What to work on: The response must contain every line from the records below that has "Shirt".

Information given:
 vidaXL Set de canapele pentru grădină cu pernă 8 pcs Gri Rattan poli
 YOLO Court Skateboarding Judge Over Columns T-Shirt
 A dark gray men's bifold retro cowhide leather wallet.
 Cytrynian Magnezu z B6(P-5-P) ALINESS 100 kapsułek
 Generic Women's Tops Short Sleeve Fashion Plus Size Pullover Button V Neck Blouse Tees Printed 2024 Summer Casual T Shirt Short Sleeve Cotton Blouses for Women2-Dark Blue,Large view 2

--

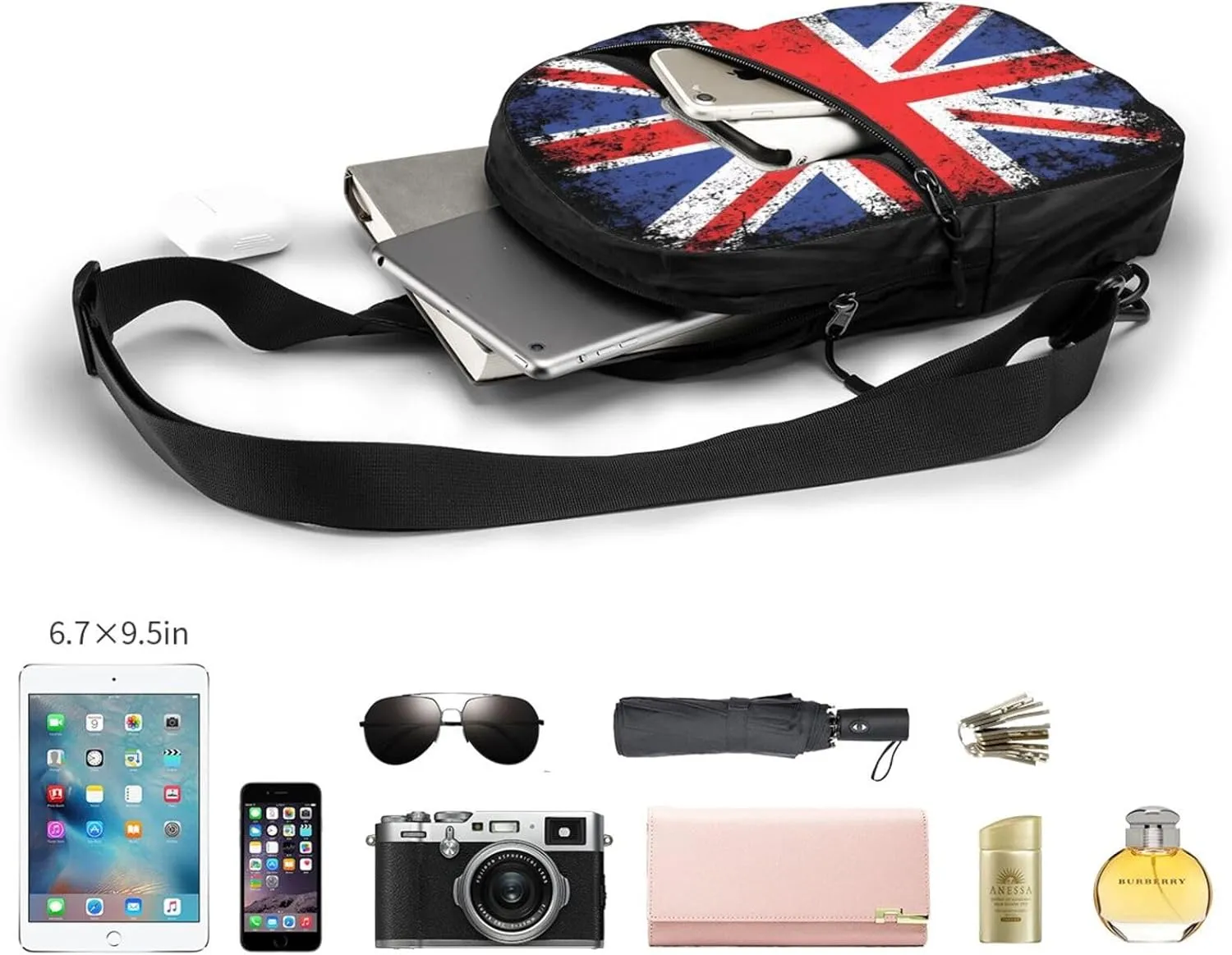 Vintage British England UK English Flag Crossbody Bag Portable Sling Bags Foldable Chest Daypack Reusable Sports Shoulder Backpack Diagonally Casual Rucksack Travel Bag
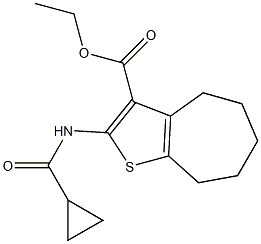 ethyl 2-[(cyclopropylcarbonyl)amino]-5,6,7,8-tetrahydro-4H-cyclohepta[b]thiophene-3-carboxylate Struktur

Exercise solution:
 YOLO Court Skateboarding Judge Over Columns T-Shirt
 Generic Women's Tops Short Sleeve Fashion Plus Size Pullover Button V Neck Blouse Tees Printed 2024 Summer Casual T Shirt Short Sleeve Cotton Blouses for Women2-Dark Blue,Large view 2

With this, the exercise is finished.